Detecting numerical bugs in neural network architectures

This paper makes the first attempt to conduct static analysis for detecting numerical bugs at the architecture level.

Introduction

A neural architecture can contain numerical bugs that cause serious consequences. Numerical bugs in a neural architecture manifest themselves as numerical errors in the form of “NaN”, “INF”, or crashes during training or inference.

# Input:
# center: 2*100 - shape tensor whose elements in [-1, 1]
# offset : 2*100 - shape tensor whose elements in [0, 2]

# Create 100 rectangles .
bottomLeft = center - offset
topRight = center + offset
rectangle = tf.concat([bottomLeft, topRight], axis=1)

# Calculate the reciprocal of their areas.
bottom, left, top, right = tf.split(rectangle, num_or_size_splits=4, axis=1)
width = right - left
height = top - bottom
area = width * height
scale = tf.reciprocal(area)

The key insight is that affine relations are common in neural network architectures.

Basics of Abstract Interpretation

Concrete properties are described in the concrete domain \(\mathbb{C}\) with a partial order \(\subseteq\), and abstract properties are described in the abstract domain \(\mathbb{A}\) with a partial order \(\sqsubseteq\).

  • Abstraction function \(\alpha: \mathbb{C} \rightarrow \mathbb{A}\)
  • Concretization function \(\gamma: \mathbb{A} \rightarrow \mathbb{C}\)

Galois connection \(\langle\mathbb{C},\subseteq\rangle \overset{\gamma}{\underset{\alpha}{\leftrightarrows}} \langle\mathbb{A},\sqsubseteq\rangle\): \[ \forall c \in \mathbb{C}, a \in \mathbb{A}. \alpha(c) \sqsubseteq a \Leftrightarrow c \subseteq \gamma(a) \]
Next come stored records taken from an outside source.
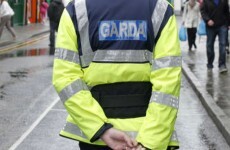 Four men charged following garda investigation into dissidents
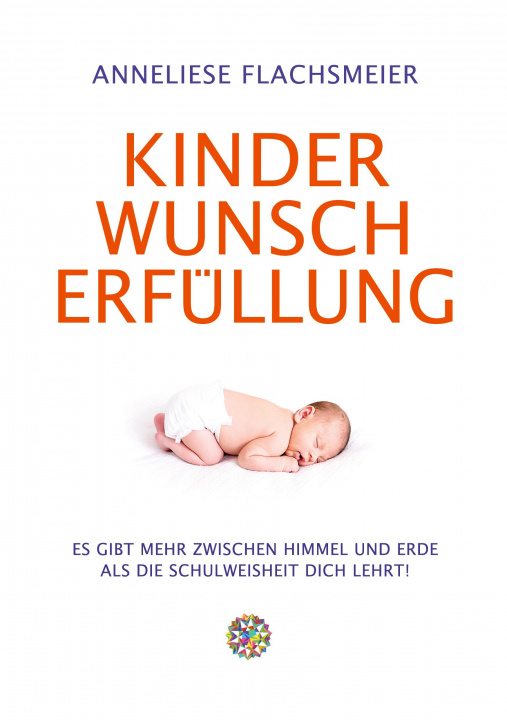 Carte Kinder Wunsch Erfüllung 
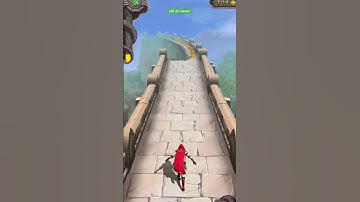 Enchanted palace || #shorts #gaming #shortvideo #youtube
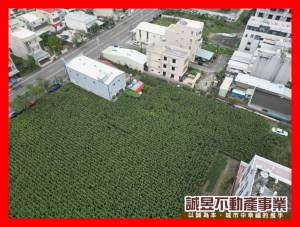 誠昱/佳里北文社區精選建.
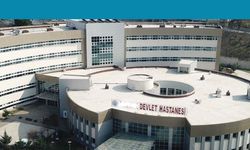 DEVLET HASTANESİ STATÜ DEĞİŞİKLİĞİ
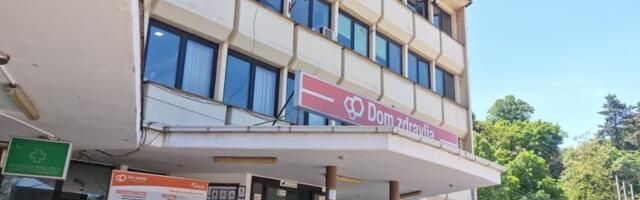 Dom zdravlja Leskovac raspisao konkurs za 11 lekara, 11 medicinskih sestara i tri spremačice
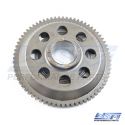 Starter Clutch Assembly Honda 300 TRX-EX 93-09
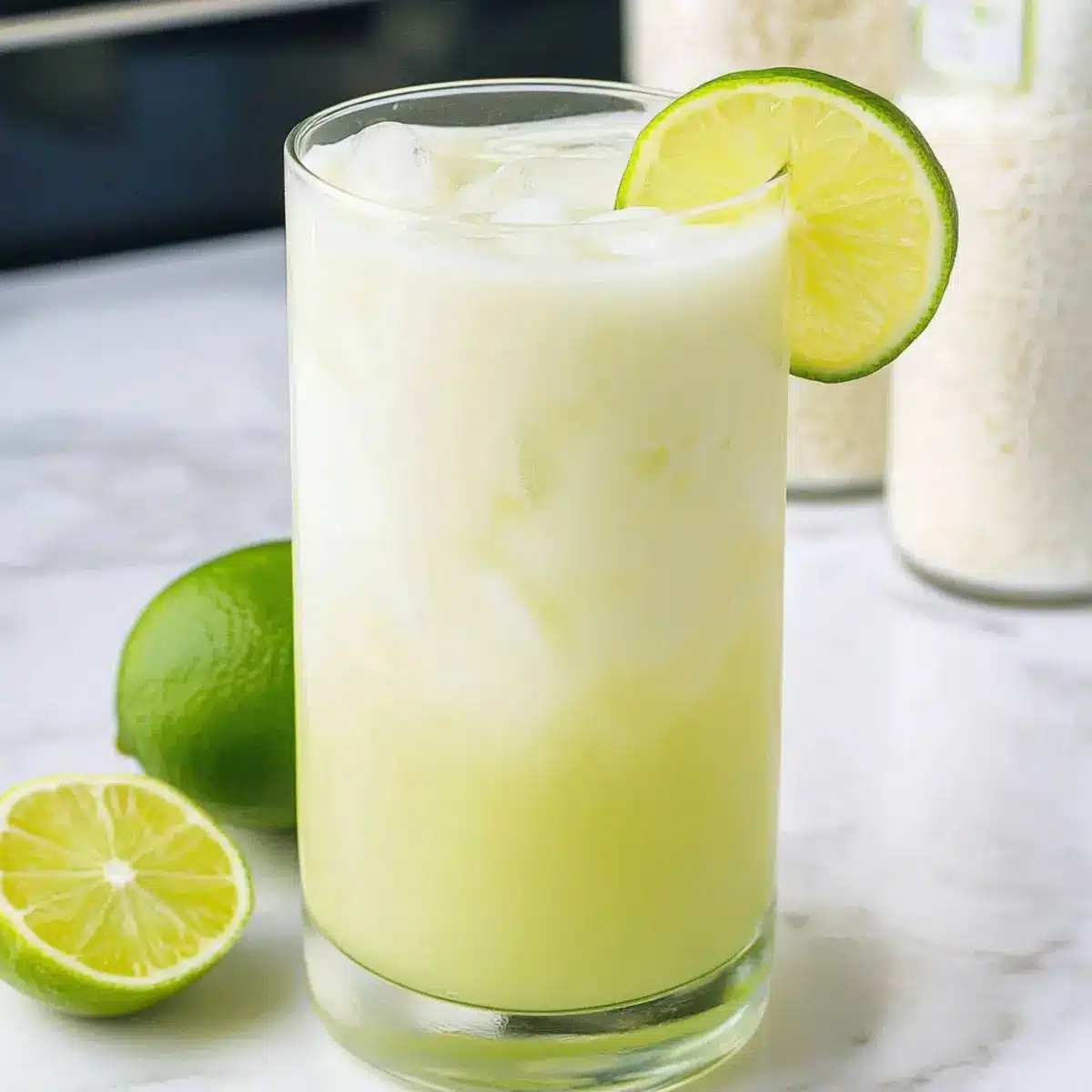 2025fb3e 333d 4f08 898c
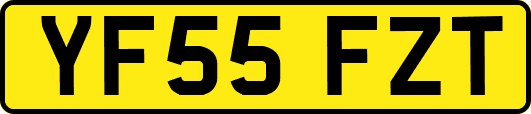 YF55FZT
Abstract Domain of Intervals

\[ \mathbb{A}_I \triangleq \{([l_1,u_1],...,[l_n,u_n] | l,u \in \mathbb{R}^n)\} \] Here \(x \in \mathbb{A}_I \Rightarrow l_i \leq x_i \leq u_i\).

Also, we say \(a_1 \sqsubseteq a_2\) iff \(\forall i. [l_i^1,u_i^1] \subseteq [l_i^2,u_i^2]\).
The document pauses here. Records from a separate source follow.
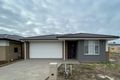 Property photo of 9 Montagna Circuit Armstrong Creek VIC 3217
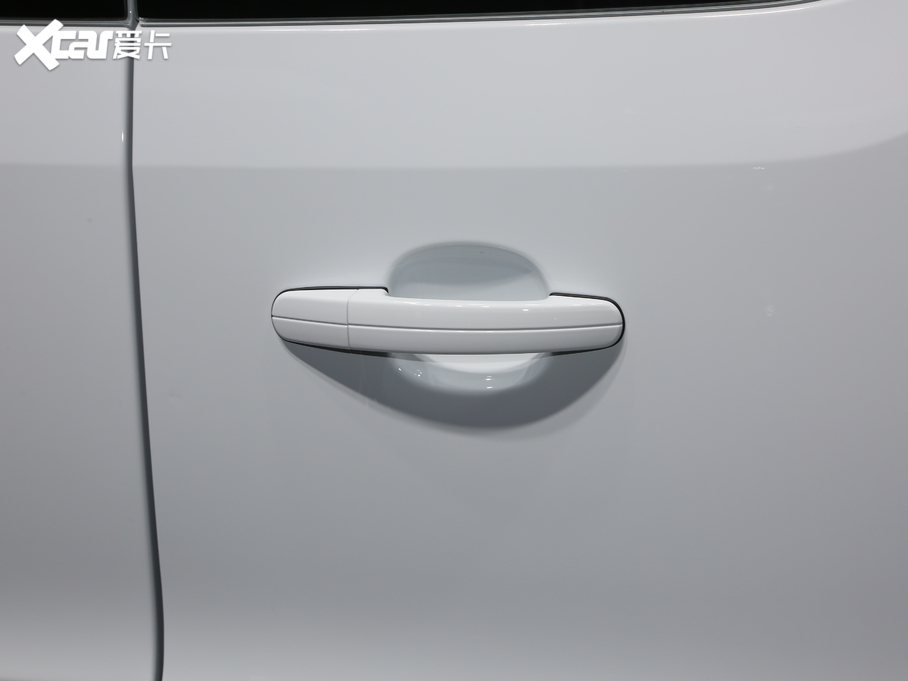 2020��ȫ� 2.0T �Ԅ�(d��ng)�๦������܇���S����p�_β�T ���� ��(gu��)VI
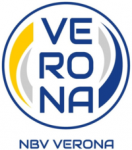 Verona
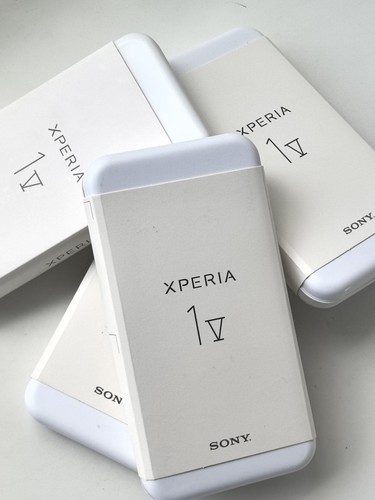 Global sony xperia 5 - sony, 6.5''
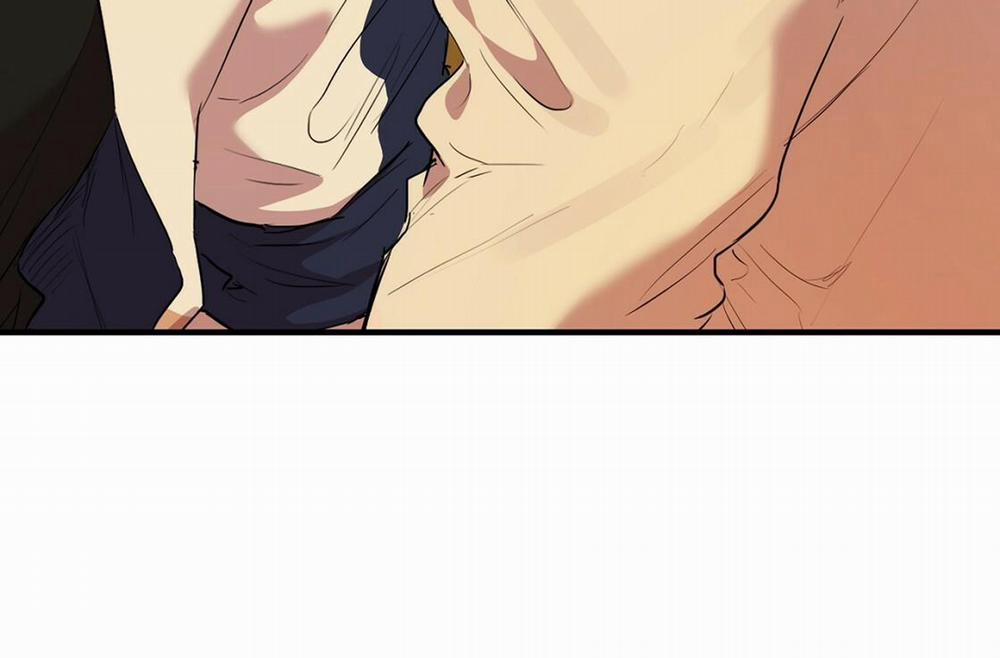 Đàn Thỏ Của Habibi 24 trang 203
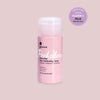 glowiest Peekaboo AHA PHA Skin Perfecting Toner 120mL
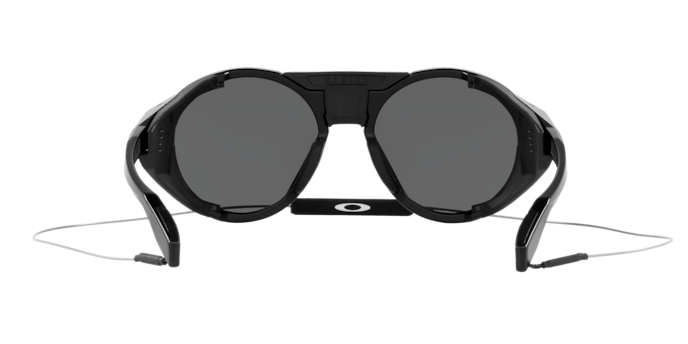 Oakley Clifden OO9440 944009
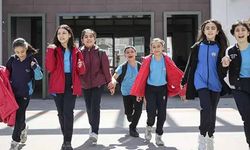 MEB duyurdu: Kasım'da 9 günlük tatil var!
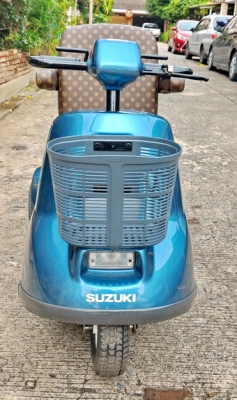 สินค้ามาใหม่ประจำเดือน สิงหาคม 2559 สินค้านำเข้าจากญี่ปุ่นทุกเดือน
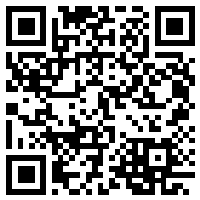 QR Code for ecash:qqa8ftlkqm0aps2xpuzwvxramec6yufrusxxklzgrq
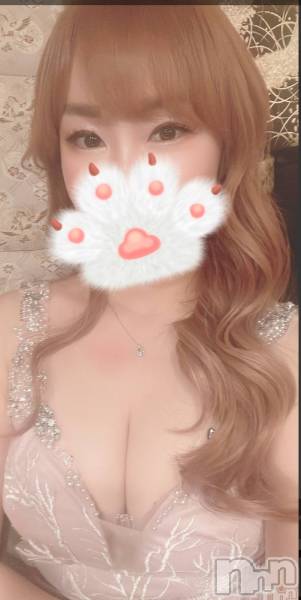 ƲХ顦THE LOUNGE (饦󥸥ե)  2023ǯ1215̥֥new face³Ͽ InstagramǤ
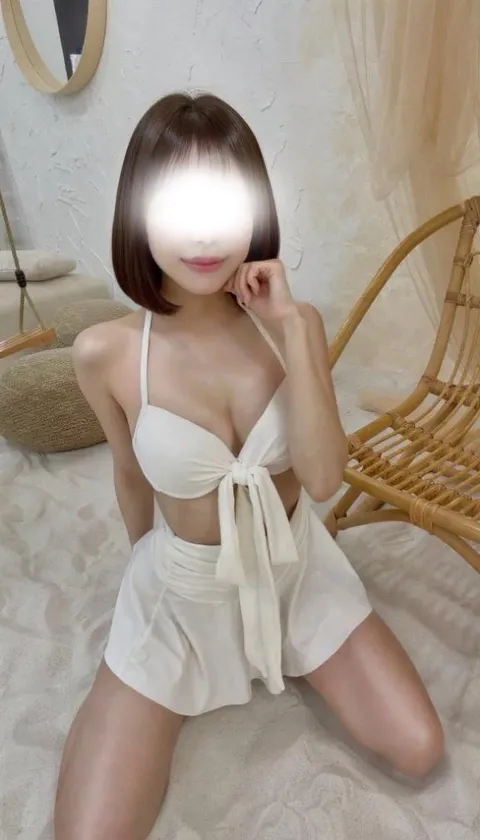 早乙女みれいの写メ日記｜リュクス～LUXE～ 吉原高級店ソープ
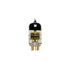 Electro-Harmonix Gold 6922 Gold Pins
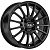 LS 6,5x16/4x100 ET40 D60,1 899 BKS (конус)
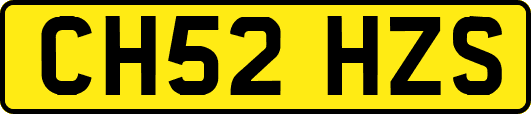 CH52HZS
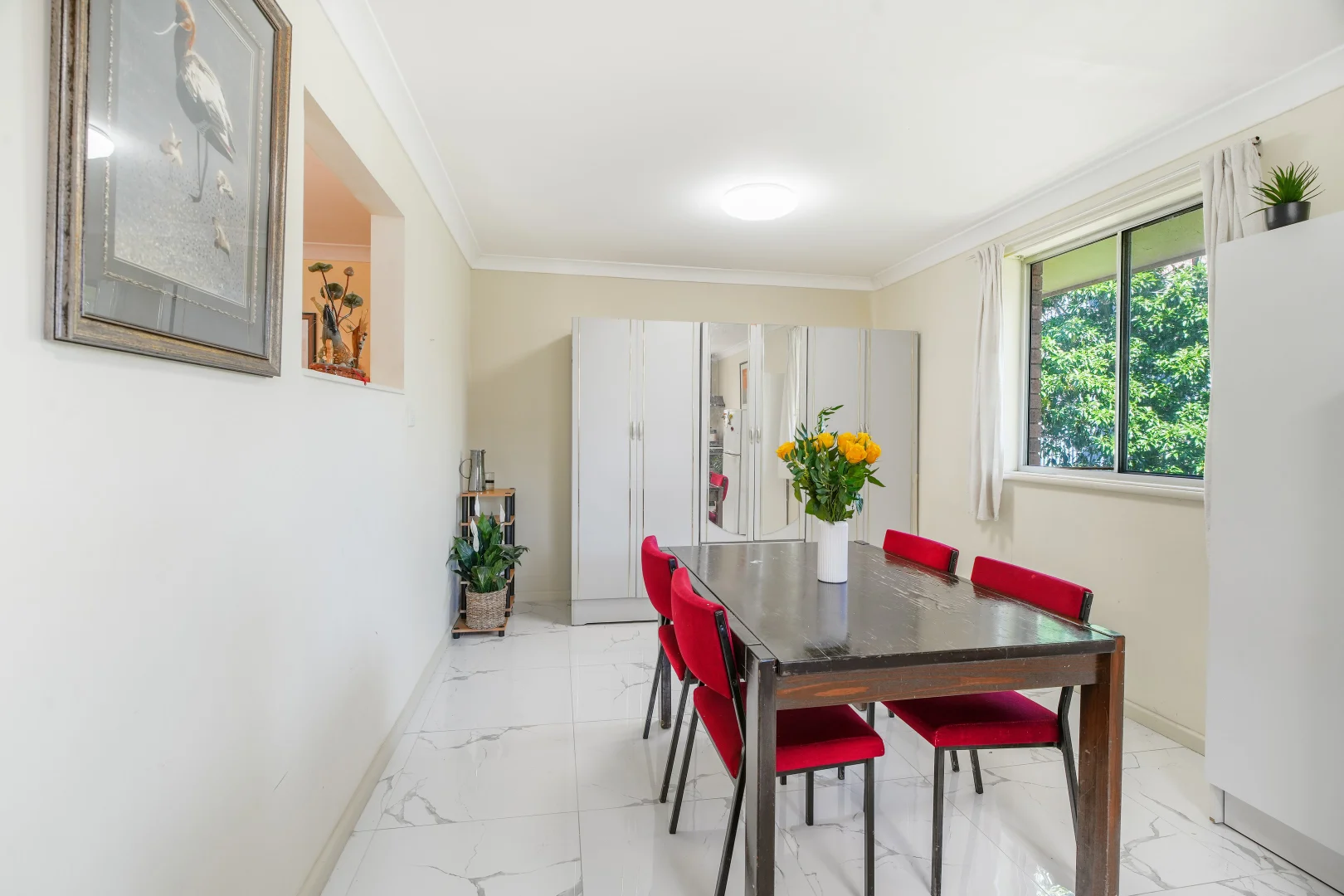 Additional image 5 of 22 Maughan Street, Wellington NSW 2820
And the abstraction functions are defined as: \[ \alpha_I(c) = ([\inf\{x_i | x \in c\}, \sup\{x_i | x \in c\}])_{i=1}^n \] That is, the abstraction function maps a concrete set to the smallest interval containing it.

The concretization function is defined as: \[ \gamma_I(a) = \{x \in \mathbb{R}^n | \forall i. l_i^a \leq x_i \leq u_i^a\} \]

Abstract Domain of Affine Relations

\[ \mathbb{A}_E \triangleq \{(\mathbf{A},b)|\mathbb{A} \in \mathbb{R}^{m \times n}, b \in \mathbb{R}^m, m>0\} \]

Here \(x \in \mathbb{A}_E \Rightarrow \mathbf{A}x = b\).

And the abstraction functions are defined as:

\[ \alpha_E(c) = \begin{cases} (\mathbf{A},b) & \text{if } c \subseteq \{x | \mathbf{A}x = b\} \text{ and } (\mathbf{A},b) \text{ is in reduced echelon form}\\ \top & \text{if } c = \mathbb{R}^n\\ \bot & \text{otherwise} \end{cases} \]

The concretization function is defined as:

\[ \gamma_E(a) = \{x \in \mathbb{R}^n | \mathbf{A}x = b\}, \] here \(a = (\mathbf{A},b)\).

Abstract Domain for Neural Architectures

The abstract domain for Tensor partitioning and Interval abstraction with affine Equality relation \(\mathbb{A}_{\text{TIE}}\) is defined as: \[ \mathbb{A}_{\text{TIE}} \triangleq \{(\mathcal{P}, a^{\sharp I}, a^{\sharp E})|a^{\sharp I} \in \mathbb{A}_I, a^{\sharp E}\in\mathbb{A}_E\}, \] where \(\mathcal{P} = \{A_1,A_2,...,A_n\}\) is a tensor partitioning.

The concretization function \(\gamma_{\text{TIE}}\) of an element \(a^\sharp = (\mathcal{P}, a^{\sharp I}, a^{\sharp E})\) is defined as: \[ \gamma_{\text{TIE}}(a^\sharp) = \gamma_I(a^{\sharp I}) \cap \gamma_E(a^{\sharp E}) \]

Notes for ReLU:

  • Create a new symbolic variable \(b\) for \(a\).
  • And we have \(b - a^{\text{ReLU}} = 0\).
  • \(a^{\text{ReLU}} - a^{-\text{ReLU}} - a =0\).